Accès à la formation continue en Europe : la France en progrès

15 Mar 2018 | L'actu en bref | 0 commentaires

Selon des données publiées fin février par le Cereq, Centre d’étude et de recherches sur les qualifications, le taux d’accès à la formation continue des salariés français a progressé de 3 points en cinq ans pour atteindre 48 %. Des chiffres qui situent la France légèrement au-dessus de la moyenne européenne, mais encore loin des leaders.

La France 10e sur 29 pays

Pilotée par la Commission européenne et Eurostat, l’enquête Continuing Vocational Training Survey (CVTS) interroge tous les 5 ans les entreprises européennes de plus de 10 salariés sur la formation professionnelle continue qu’elles ont financée pour leurs salariés.
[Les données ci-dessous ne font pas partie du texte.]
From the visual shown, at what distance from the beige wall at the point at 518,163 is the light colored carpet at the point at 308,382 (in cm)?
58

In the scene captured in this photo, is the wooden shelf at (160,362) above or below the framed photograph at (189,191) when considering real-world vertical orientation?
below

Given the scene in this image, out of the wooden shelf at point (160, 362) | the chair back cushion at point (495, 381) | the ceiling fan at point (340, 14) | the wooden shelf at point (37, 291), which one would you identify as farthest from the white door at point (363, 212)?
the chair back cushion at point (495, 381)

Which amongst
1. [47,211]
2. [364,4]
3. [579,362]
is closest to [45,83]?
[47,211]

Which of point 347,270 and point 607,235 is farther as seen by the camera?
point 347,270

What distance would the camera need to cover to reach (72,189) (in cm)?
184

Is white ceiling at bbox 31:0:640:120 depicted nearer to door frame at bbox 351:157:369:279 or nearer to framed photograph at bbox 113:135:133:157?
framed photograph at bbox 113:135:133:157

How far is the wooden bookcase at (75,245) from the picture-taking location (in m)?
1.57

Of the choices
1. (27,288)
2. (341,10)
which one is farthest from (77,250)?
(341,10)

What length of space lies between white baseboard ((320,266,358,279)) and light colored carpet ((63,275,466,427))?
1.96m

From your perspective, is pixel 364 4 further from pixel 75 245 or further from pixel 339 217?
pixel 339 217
Le Cereq a dévoilé le 28 février une partie des chiffres, pour l’année 2015, d’environ 5 000 entreprises.

Premier enseignement : à l’instar des pays du Nord traditionnellement très formateurs que sont la Suède, la Norvège et la Belgique, on relève que l’Espagne, la République Tchèque, la Slovaquie et la Slovénie affichent des taux d’accès supérieur à 50 %. Se classant à la 10e place, la France ne fait pas encore partie de ce club mais s’en rapproche avec un taux de 48 % : un chiffre qui situe notre pays au-dessus de la moyenne européenne (41 %).

Un accès à la formation améliorable

Parmi les pays situés en dessous de cette moyenne figurent la Pologne, le Royaume-Uni ou encore l’Estonie. On note que l’Allemagne, souvent citée en exemple sur l’apprentissage, fait partie de ces pays dont le taux d’accès à la formation professionnelle est inférieur à 40 % !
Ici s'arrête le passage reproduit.